I have a table with more than 9 rows.

If I do this : $('table tr:gt(3):lt(6)'), shall I receive 3 or 6 elements at the end, and why? Are all selectors applied to the same primary selection, or are they successively applied on different selections?

up vote 29 down vote accepted

They're applied sequentially, so first you will filter away the first four elements (:gt(3)), then you will filter away all elements after the sixth (:lt(6)) element of the already filtered set.

Imagine this HTML:

<br/><br/>
<br/><br/>
<br/><br/>
<br/><br/>
<br/><br/>
<br/><br/>

Then do the following jQuery:

$('br:gt(3):lt(6)').addClass('sel');

You will now have:

<br/><br/>
<br/><br/>
<br class="sel"/><br class="sel"/>
<br class="sel"/><br class="sel"/>
<br class="sel"/><br class="sel"/>
<br/><br/>
  • 5
    Note that the :lt(n) and :lt(n) selectors are 0-indexed and non-inclusive. – Blixt Jul 16 '09 at 12:39
  • Duly noted, thanks. – glmxndr Jul 16 '09 at 12:46
  • thanks sir very helpful! – GianFS Jan 8 '13 at 4:13

I suggest you use the slice() method instead.
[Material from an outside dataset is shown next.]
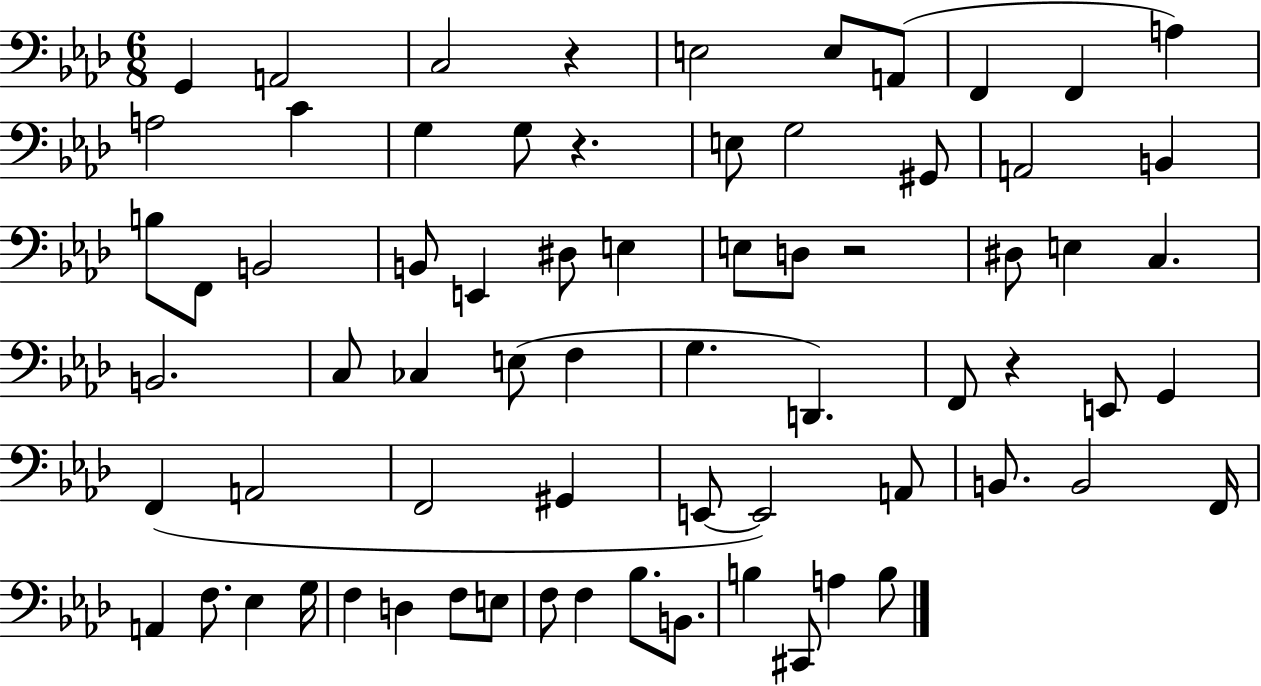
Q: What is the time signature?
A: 6/8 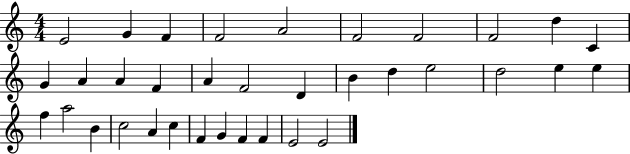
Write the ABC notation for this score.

http://docs.jquery.com/Traversing/slice#startend

$('table tr').slice(2, 5).addClass("something");
  • 1
    Doesn't answer the question, but is a clearer way of doing the selection. – tvanfosson Jul 16 '09 at 12:36
  • I can't think of a reason why you'd chain lt and gt in this way, so perhaps subtenante will find this useful. – ScottE Jul 16 '09 at 12:38
  • Yep, that's actually useful, although it does only partially answer the question. +1 though :) – glmxndr Jul 16 '09 at 12:45
  • 1
    +1 for the practicality of the answer =) – Blixt Jul 16 '09 at 12:58
  • 1
    @harpo jsperf.com/lt-vs-slice I ran this in Chrome and IE10, both times slice was quicker. – ToastyMallows Jan 22 '14 at 20:52

Not quite what you might think-

Working Demo

Basically, the second filter is applied sequentially, to the matched set of the first filter.

For example, on a table with 10 rows, :gt(3) will filter to elements 5 - 10, then :lt(6) will be applied to the 6 elements, not filtering any.
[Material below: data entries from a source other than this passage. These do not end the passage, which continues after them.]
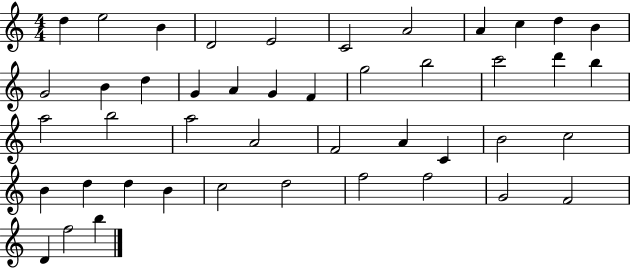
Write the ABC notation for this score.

X:1
T:Untitled
M:4/4
L:1/4
K:C
d e2 B D2 E2 C2 A2 A c d B G2 B d G A G F g2 b2 c'2 d' b a2 b2 a2 A2 F2 A C B2 c2 B d d B c2 d2 f2 f2 G2 F2 D f2 b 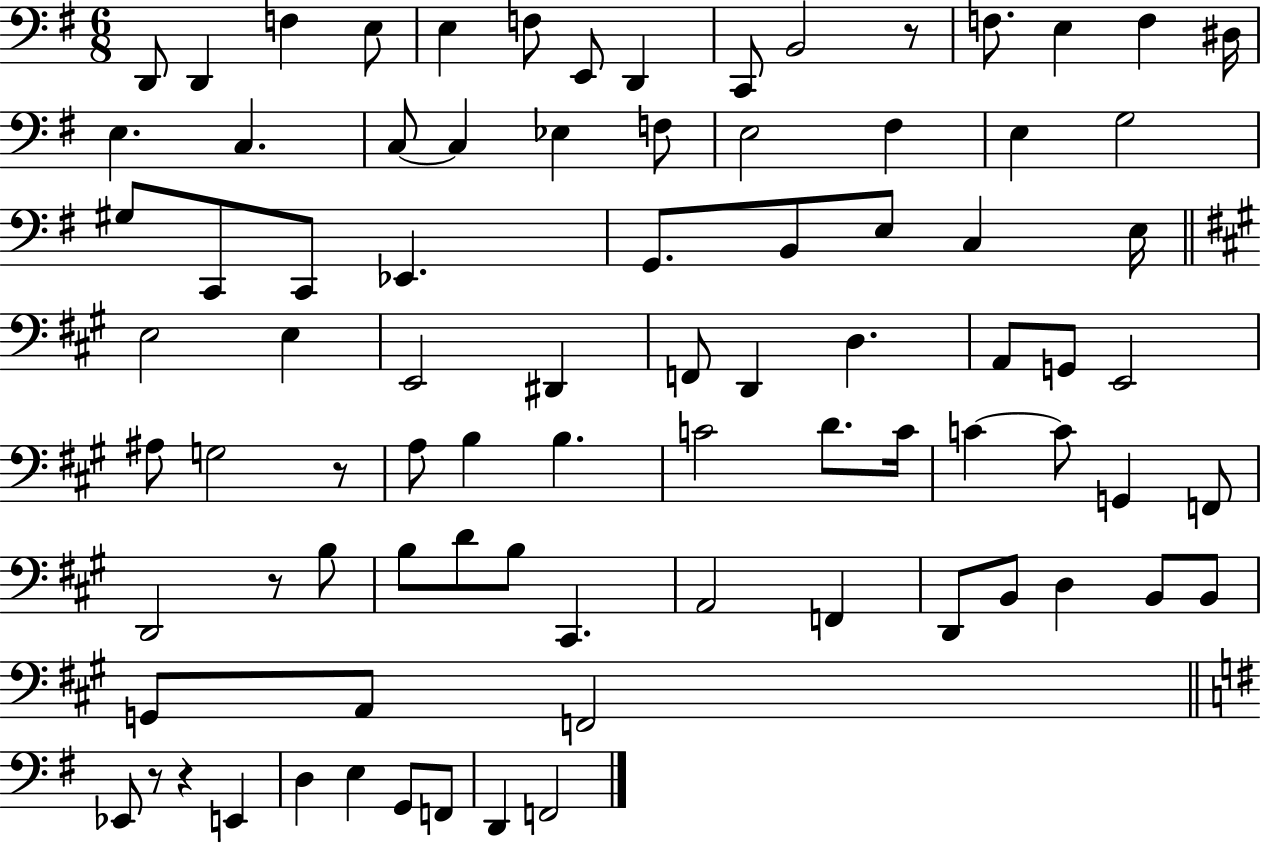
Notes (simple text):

D2/e D2/q F3/q E3/e E3/q F3/e E2/e D2/q C2/e B2/h R/e F3/e. E3/q F3/q D#3/s E3/q. C3/q. C3/e C3/q Eb3/q F3/e E3/h F#3/q E3/q G3/h G#3/e C2/e C2/e Eb2/q. G2/e. B2/e E3/e C3/q E3/s E3/h E3/q E2/h D#2/q F2/e D2/q D3/q. A2/e G2/e E2/h A#3/e G3/h R/e A3/e B3/q B3/q. C4/h D4/e. C4/s C4/q C4/e G2/q F2/e D2/h R/e B3/e B3/e D4/e B3/e C#2/q. A2/h F2/q D2/e B2/e D3/q B2/e B2/e G2/e A2/e F2/h Eb2/e R/e R/q E2/q D3/q E3/q G2/e F2/e D2/q F2/h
if you add /edit to the demo URL, you can play with the selector and see for yourself. If you change the second filter to :lt(2), you get rows 5 and 6 highlighted in red

For some reason :lt(6) will be ignored in that selection, so it will return everything greater than 3 in this intsance.
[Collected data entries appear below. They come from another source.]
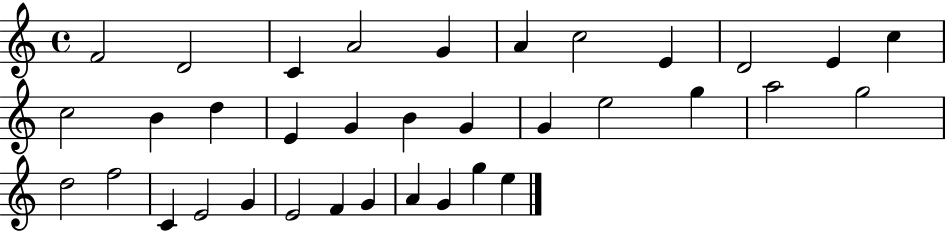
X:1
T:Untitled
M:4/4
L:1/4
K:C
F2 D2 C A2 G A c2 E D2 E c c2 B d E G B G G e2 g a2 g2 d2 f2 C E2 G E2 F G A G g e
However, if you switch it over, it will work as expected

$('table tr:lt(6):gt(3)')

will return 2 rows (only row 4 and 5 is between 6 and 3).

**edit:**using v.1.3.2

And also, lt(6) isn't ignored, not just working as I expected it to. So :gt(3):lt(6) will in fact return 6 elements (if you have enough rows, that is)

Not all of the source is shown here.